There is no single "I1 framework" because I1 is the absence of the routing layer that I2/I3/I4 add.

Known Uses

  • Financial and trading agents — order placement, position queries, and risk checks call exchange and broker APIs directly from code; LLM routing on the order path is unacceptable on both latency and determinism grounds.
  • Compliance and audit pipelines — log writes, audit-trail inserts, regulatory submissions all go through I1 paths so that identical inputs produce byte-identical externally-visible behaviour.
  • Claude Code, Cursor, and other coding agents — most filesystem operations, git invocations, and process control happen as I4 (CLI) or I1 (direct subprocess / API), not as schema-wrapped tool calls — the choice is consistent with the "LLM where language understanding adds value" principle.
  • High-throughput RAG ingestion pipelines — vector DB writes, embedding API calls, and document chunking are all I1 from worker code; the LLM is upstream (in chunking decisions) or downstream (in answering), not on the hot path.
  • Webhook handlers and event-driven agent paths — when an external event triggers a known action, the action runs as I1; LLM reasoning is reserved for cases where the event's meaning is ambiguous.
  • Distinct from I2 Function Call — I2 has the LLM choose which tool and what parameters; I1 has code choose. I2's execution step is I1 internally; the architectural choice is whether the LLM-routing layer earns its keep.
  • Distinct from I3 MCP Server — I3 is the shared, multi-client version of I2's routing. If routing is not needed, I1 skips both.
  • Distinct from I4 CLI Invocation — I4 is LLM-chosen invocation of a CLI tool; I1 is code-chosen invocation of an API. Both are zero-schema-token but they differ in who chooses the call.

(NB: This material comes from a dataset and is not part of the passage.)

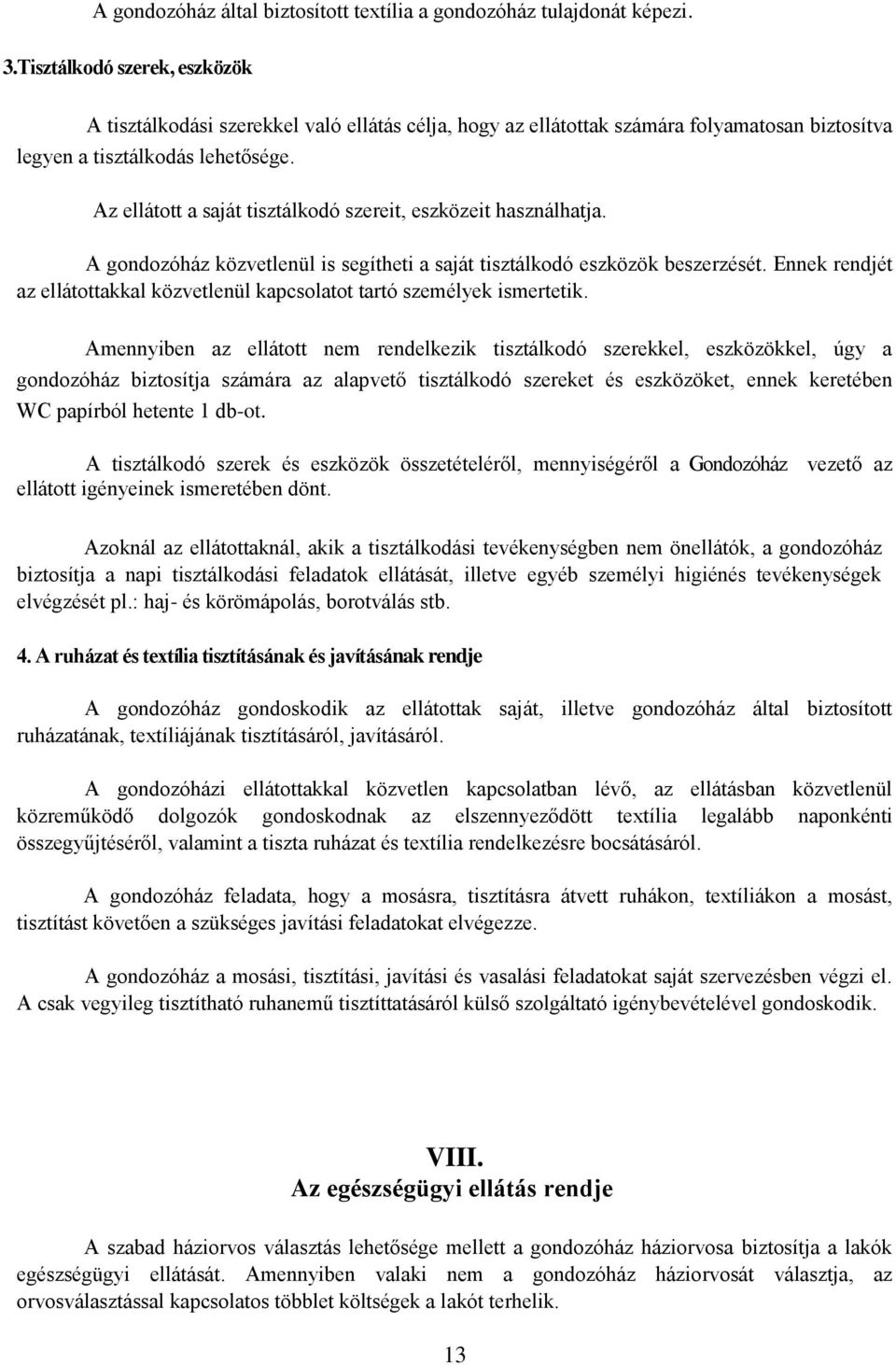 Az ellátott a saját tisztálkodó szereit, eszközeit használhatja. A gondozóház közvetlenül is segítheti a saját tisztálkodó eszközök beszerzését.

  • Underlies I2, I3, I4 — every routed integration eventually calls something; that something is an I1.
  • Pairs with V5 Guardrail Layering — the pre-call guard (point 2 of V5) is the Validator in this pattern.

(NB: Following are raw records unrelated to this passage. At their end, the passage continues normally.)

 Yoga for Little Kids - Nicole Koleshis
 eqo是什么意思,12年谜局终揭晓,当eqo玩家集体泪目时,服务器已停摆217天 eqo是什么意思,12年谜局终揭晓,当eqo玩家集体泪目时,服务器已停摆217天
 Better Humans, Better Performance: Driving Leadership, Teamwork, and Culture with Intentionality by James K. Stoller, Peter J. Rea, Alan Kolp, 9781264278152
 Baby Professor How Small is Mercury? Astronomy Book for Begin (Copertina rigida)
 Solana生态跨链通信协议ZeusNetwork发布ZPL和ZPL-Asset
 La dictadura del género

  • Pairs with V9 Bounded Execution — retry and circuit-breaker logic must be bounded; without that, a failing downstream cascades.
  • Pairs with V14 Trajectory Logging — every I1 call must appear in the trace, including retries and open-circuit events, or audit breaks.

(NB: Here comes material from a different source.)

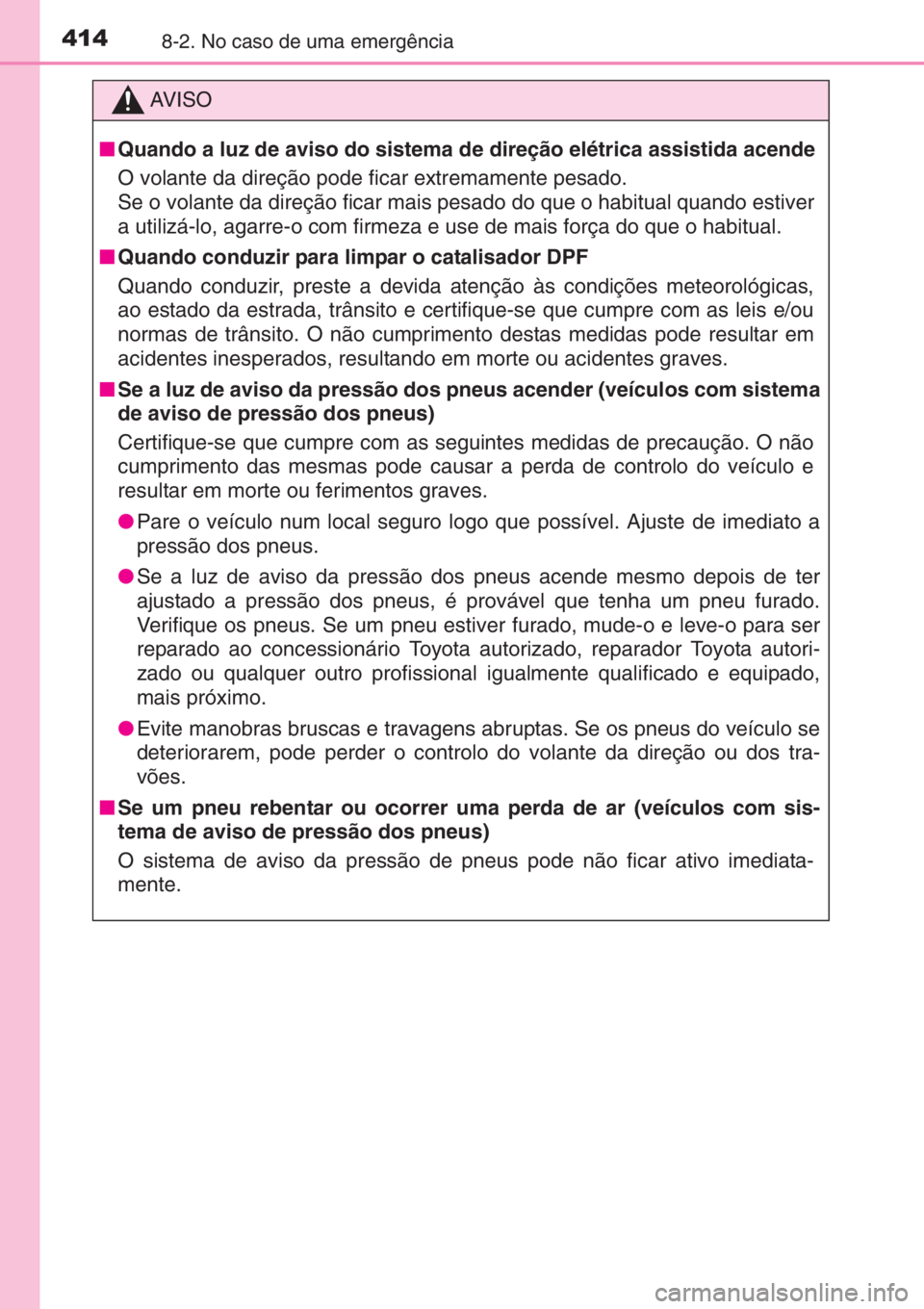 TOYOTA YARIS 2015  Manual de utilização (in Portuguese) 4148-2. No caso de uma emergência
AV I S O
■Quando a luz de aviso do sistema de direção elétrica assistida acende
O volante da direção pode ficar extremamente pesado.
Se o volante da direção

  • Pairs with V1 Human-in-the-Loop — when an I1 call is privileged (financial, irreversible, externally-visible), V1 gates it; I1 still executes the action, V1 just decides whether to.
  • Composes with R4 ReAct — when an Act step is fully determined (no fresh interpretation needed), it executes as I1 rather than as a schema-wrapped tool call.

Sources

  • REST / HTTP semantics — RFC 9110 (HTTP) and RFC 7231 (predecessor); the foundational specification under any I1 call.
  • 12-Factor Agents — Factor 8, Own Your Control Flow — argues for deterministic execution over agentic loops where the choice is already made.
  • Karpathy, A. (2025) — public commentary on agent architecture and "context engineering"; "use the LLM only where language understanding adds value" frames the I1 / I2 boundary.
  • AWS prescriptive guidance on agent architectures — the deterministic-execution vs. LLM-routing distinction as an explicit design decision.
  • OpenAPI Specification (3.x) — the contract format that makes I1 mappings generable and refactor-safe.
  • Anthropic and OpenAI cookbook materials on tool use — implicitly: every tool executes via I1, regardless of how it was chosen.